With Japanese publishers Square Enix recently held responsible for unfair pressure on a studio, it’s time to take a look at the gaming industry, where both small-time companies and big titans were called out for a range of problematic workplace-related issues.
1. Square Enix
In the most recent incident on this list, publisher Square Enix was ripped apart by former Deus Ex series boss, Stephane D’Astous, who founded studio Eidos Montreal and left the company in 2013, after what he described as a ‘train wreck in slow motion’.
“I think when people are in a crisis situation where there’s a lot of situations, you do see their core behaviour or values,” said D’Astous. “I didn’t like what I saw. There was really a lack of leadership, courage, and communication. And when you don’t have those basic things, no employee can do their job correctly — especially when you’re heading a studio,” he added.
He went on to describe the Japanese company’s already-infamous reputation for demanding astronomical sales numbers from overseas studios, while exhibiting favouritism towards their Japanese counterparts, despite Eidos receiving critical and commercial acclaim for 2011’s Deus Ex: Human Revolution.
The Playstation manufacturer has had their share of scandals in the past, but largely because of their incredible influence and power, have swept plenty of issues under the rug, until recently.
Eight women, all former and current employees at Sony PlayStation, have added their accounts of sexist treatment to a proposed class-action lawsuit against the gaming giant.
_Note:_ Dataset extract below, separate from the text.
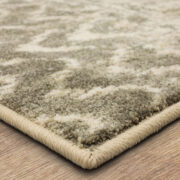 Touchstone-91231-90075 Machine-Made Area Rug collection texture detail image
The news, which came to head earlier this March, told a tale as old as time — one where female employees faced harassment and dismissive behaviour from Sony executives.
The women said they were subject to “demeaning comments, unwelcome advances, a lack of attention paid to their work or ideas and, most frequently, a sense that it was harder for women to be promoted in the company,” according to an Axios report. Sony hasn’t addressed these new allegations but denied earlier claims in the same suit.
One of the biggest and most problematic names in the industry, the company has been accused of everything from practicing unfair business practices to encouraging a hostile work environment for its employees.
Much of this backlash was countered by an early 2022 move to unionise within the company, which exposed harsh treatment within subsidiary Raven Software, who run the hit Call of Duty: Warzone multiplayer title. The game itself has a free-to-play model that relies on frequent updates to generate revenue and player interest and requires a well-equipped quality control department to ensure a bug-free experience.
The downside was that Raven’s team was overworked and discriminated against within the company, receiving fewer benefits and lower pay than similar employees. While no single voice can be pin-pointed, Raven’s historic unionisation move followed months of strikes, layoff-motivated whistleblowing, and a state-led exposé revealing a culture of gender bias.
4. Quantic Lab
Recent reports surfaced when a whistleblower from the CD Projekt Red-affiliated company Quantic Labs blamed the latter company for Cyberpunk 2077’s catastrophic failure on launch.
Quantic was responsible for reporting and testing the game for CD Projekt Red, who were high off the success of their award-winning The Witcher 3: Wild Hunt title. Allegedly, Quantic Labs faked the size and seniority of their staff while securing a deal from CDPR, and enforced a ‘bug reporting quota’ on its testers. This led to the Polish developer being swarmed with an unrealistic laundry list of minor issues to fix, throwing its development schedule off-pace by years, and eventually costing the company millions in lost sales and gamer goodwill.
Quantic, on the other hand, claims that they were largely transparent, and implied that any project management faults were on CDPR.